On a donc la mouvance, grosso modo, qui s’est mobilisée il y a sept ans en opposition au mariage homosexuel (qui représente seulement 3,5 % des mariages environ), avec une tonalité alors très familiale-bourgeoise et une hégémonie ouvertement de la Droite.

Les enjeux sont cette fois totalement différents, ils n’ont même franchement rien à voir, mais la Droite catholique compte bien présenter la lutte contre la « PMA pour toutes » comme un prolongement logique de l’initiative d’il y a sept ans. Il s’agit bien entendu d’ôter le terrain à toute critique de la part de la Gauche.

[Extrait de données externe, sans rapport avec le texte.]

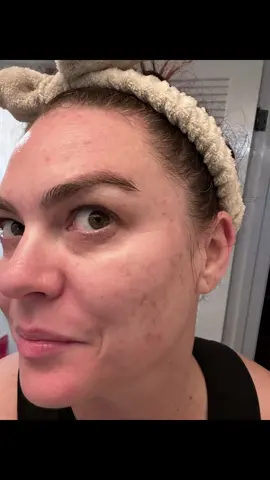 The biggest side effects for me being on a #glp1 one has been the #breakouts. Photos: December 2023 to current. Last month I swapped to #tirzepatide which immediately reduced the active breakouts! now I’m working on the scarring then back to my regularly scheduled program.  #pigmentation #finelinesandwrinkles #progress #sideeffects #glp1forweightloss #acne #acnetreatment 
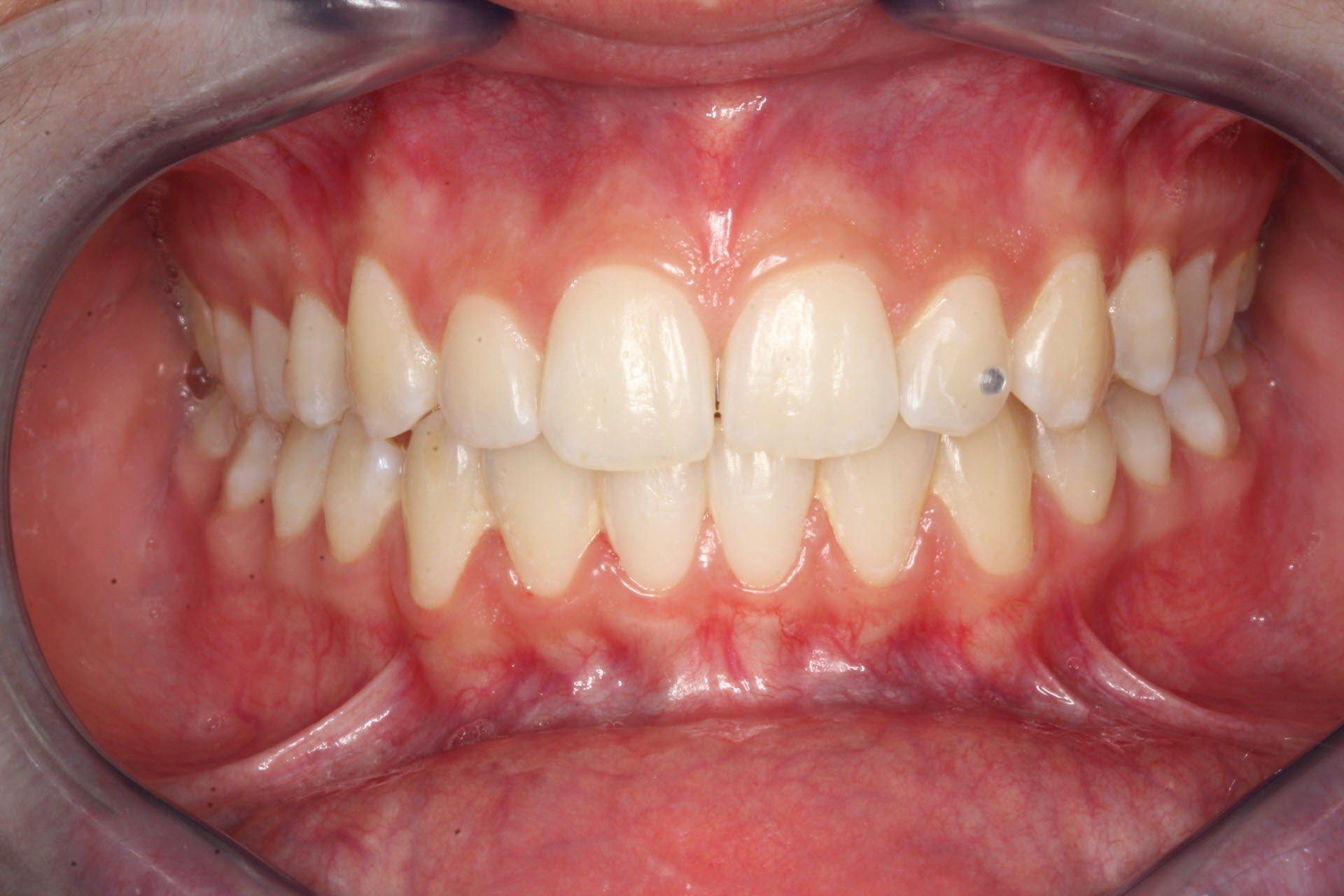 Intraoral Biss Frontal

Comme la Gauche post-moderne a le dessus en ce moment, la Droite catholique se dit qu’elle aurait tort de ne pas en profiter pour se donner le monopole de la rébellion contre l’ultra-modernité capitaliste.

Cela se voit très bien lorsqu’on comprend qu’à l’arrière-plan, ce n’est pas le caractère naturel du couple hétérosexuel faisant des enfants qui est mis en avant. C’est évidemment là une thématique de la Gauche historique.

La défense de l’altérité biologique comme base de la vie est le fondement même de la critique de la « PMA pour toutes » et de la GPA de la part d’une Gauche assumant son parcours historique. C’est en ce sens qu’il faut lutter !

La Droite catholique ne compte pas du tout s’attarder sur cette dimension. Elle insiste plutôt sur la thématique du père, avec une part de justesse, mais évidemment une vraie orientation patriarcale en filigrane. Ludovine de la Rochère, la présidente de La Manif Pour Tous, a très bien résumé cela en expliquant que :

« Depuis 1917 la République française accompagne et soutient les pupilles de la nation car elle sait que l’absence de père, le vide que cause cette absence, sont difficiles. La PMA sans Père signifie que la république française ferait sciemment des orphelins de père. »

Elle a également précisé ainsi son propos :

« L’adoption n’a rien à voir avec la PMA sans Père. L’adoption vient réparer une situation. La PMA sans Père, c’est volontairement faire un enfant sans père. »

À la tribune, Pascale Morinière de la Confédération nationale des Associations Familiales Catholiques a formulé cela de la manière suivante :

« Nous ne voulons pas de votre révolution de la filiation ! Monsieur Touraine, les enfants ont vraiment besoin d’un père ! »

Nicolas Bay, du Rassemblement National, a tourné cela ainsi :

« Créer de toutes pièces une situation où un enfant serait privé de son père, et privé même de la possibilité de connaître un jour son père, ça nous paraît être une régression absolument majeure »

Encore est-il que la bataille pour la critique adéquate de la « PMA pour toutes » n’a lieu pour l’instant que dans de faibles proportions, puisque la Gauche commence seulement à se mobiliser (de manière assumée on a un secteur du féminisme, ainsi que les Poissons roses rassemblant des chrétiens de gauche).

Mais il est encore temps de se mobiliser, les organisateurs de la manifestation du 6 octobre prévoyant déjà quatre grandes mobilisations au cours de l’année, les 1er décembre, 19 janvier, 8 mars, 17 mai et 14 juin.